Macroeconomic factors

On top of these demand drivers, macroeconomic factors have boosted the appeal of Japanese real estate over the past few years. The relatively weak Yen and the Bank of Japan’s divergent monetary policies leaving interest rates at global lows have proved an assist to global capital, especially those funds able to access local financing.

Goldman Sachs, an investor which has been betting on Japanese hotels for some time, has played an active part in the recent round of deals. July 2023 saw the firm join with experienced local player, Singapore’s SC Capital Partners, and the Abu Dhabi Investment Authority (ADIA) to acquire a portfolio of 27 resort hotels from Japan’s Daiwa House Industry for $900 million. Suchad Chiaranussati, chairman and Founder of SC Capital Partners said at the time: “This is a rare opportunity to acquire one of the largest and most prominent hotel portfolios in Japan. We are also delighted to expand and deepen our relationship with ADIA, following the launch of a data centre investment programme last year, and commence on a promising venture with Goldman Sachs, one of the leading financial institutions globally.”

Around seven years before, Goldman acquired a portfolio of Japanese hotels alongside investment manager Pacifica Hotels KK, plus a slate of Moxy hotels which were converted to hospitality assets from office properties. In December 2023, Goldman sold the 158-key Moxy Kyoto Nijo to Blackstone for a reported JPY 8 billion, prompting the world’s largest alternative asset manager to also declare a renewed investment strategy targeting Japan.

Blackstone’s deals

Blackstone has proven to be another prescient international hospitality investor in the region, striking mid-pandemic in 2021 to purchase a portfolio of eight hotels in top Japanese tourist destinations from Kintetsu Group Holdings, one of Japan’s largest railway companies. The year 2023, meanwhile, was marked by slate of successful divestments across a range of asset classes as Blackstone exploited international appetite for the country’s property, whilst also identifying select acquisitions. “Our pipeline has increased since the spring,” Blackstone’s head of Japan real estate Daisuke Kitta told The Japan Times in August 2023.  "Our acquisitions team is finally getting back to business.”

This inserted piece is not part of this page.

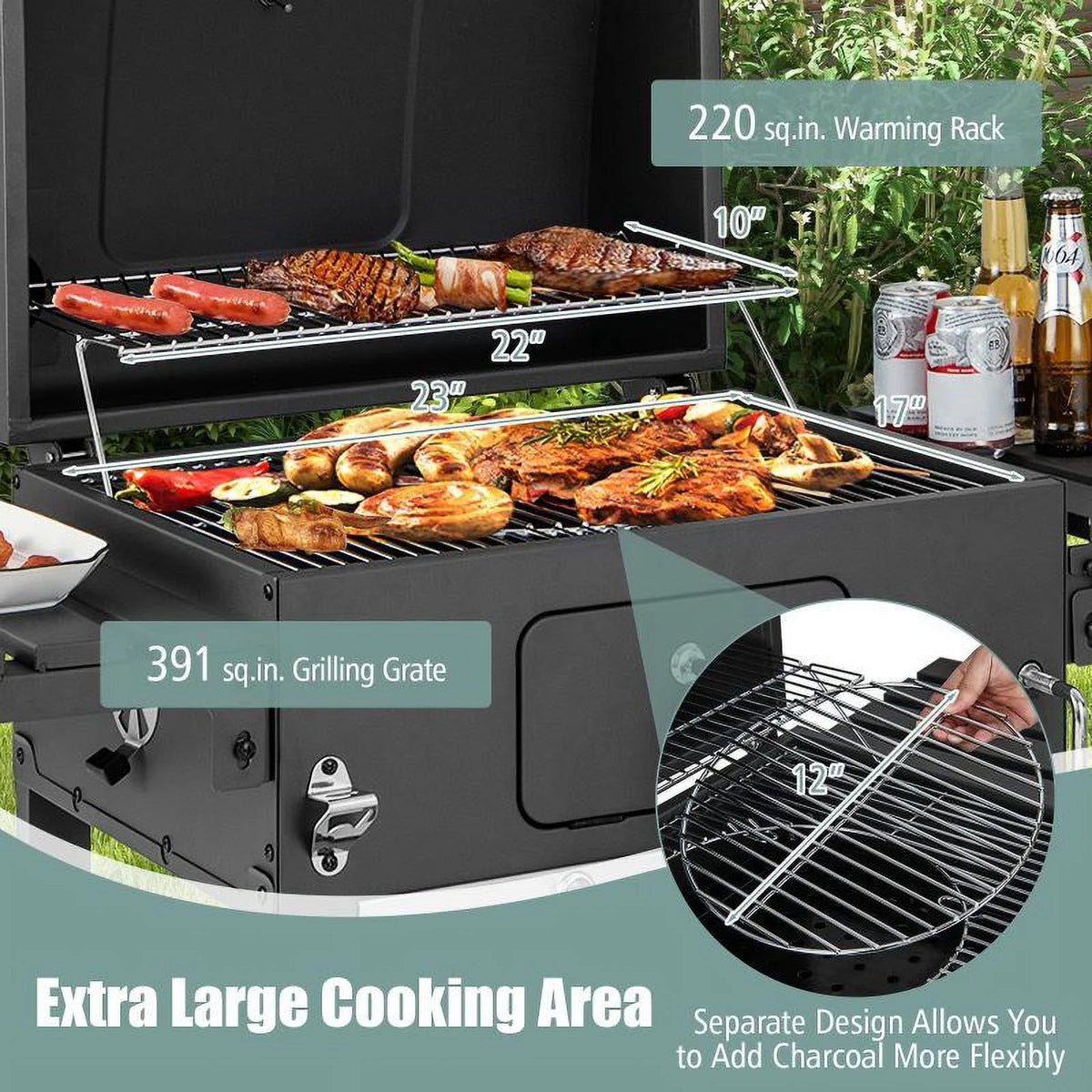 Charcoal Grill with Storage Shelf B557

Other key international deals contributing to 2023’s record deal volumes included investment management giant BentallGreenOak buying the Rihga Royal Hotel Osaka for JPY 50 billion, and KKR teaming up with Hong Kong’s Gaw Capital Partners to secure the Hyatt Regency Tokyo for JPY 57.1 billion. In July, AB Capital Investment, another growing Hong Kong player in the hospitality space, picked up its fourth Japanese hotel in three years.

Labour issues

Yet for a country with such promise, investors are also advised to “look under the hood” before buying. Kaneko notes that segments such as high-end tourism, which have proved such success stories elsewhere in the current macroeconomic climate, might not develop in the same direction here. “In terms of development pipelines, the vast majority of projects in the works are budget hotels,” he says. “It is very difficult to establish luxury properties – you need a sizeable land bank and you need more people with suitable skills. Labour shortages are really making their mark on the sector, so even if the potential clientele is out there, it’s a difficult area to scale.” While groups such as Bulgari have successfully opened five-star properties in the country, with the Italian fashion house launching in Tokyo in April of last year, reports suggest that international brands are often resorting to importing staff from elsewhere to make up numbers. “Labour shortages are often self-limiting hotel occupancies to 80%,” Kaneko adds. “Skyrocketing construction costs and land prices have also created supply-side bottlenecks.”

Additionally, some investors are in wait-and-see mode as they see uncertainty surrounding interest rates, he notes. “Given the modest CPI rates in Japan, many smaller businesses are already pretty vulnerable. That said, in general, potential modest monetary policy fluctuations have already been priced into the market, and international capital continues to show considerable interest in Japan.”